Data shown:
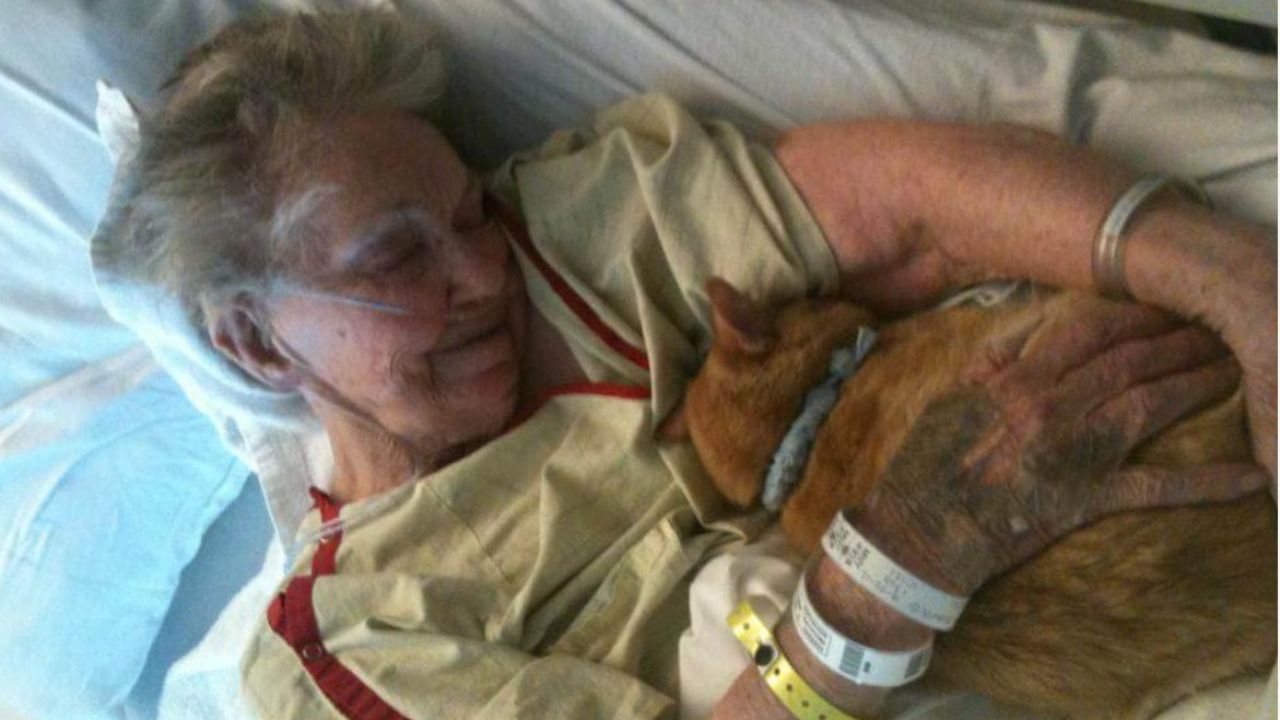 gatto arancione abbraccia donna anziana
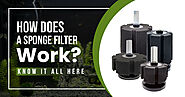 How Does A Sponge Filter Work? Know It All Here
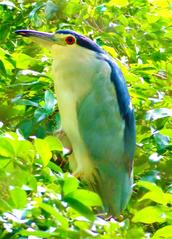 Black-crowned Night Heron at Manila Zoo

What is needed: Please transcribe the whole listing above exactly, with the images left out.

Result:
 gatto arancione abbraccia donna anziana
 How Does A Sponge Filter Work? Know It All Here
 Black-crowned Night Heron at Manila Zoo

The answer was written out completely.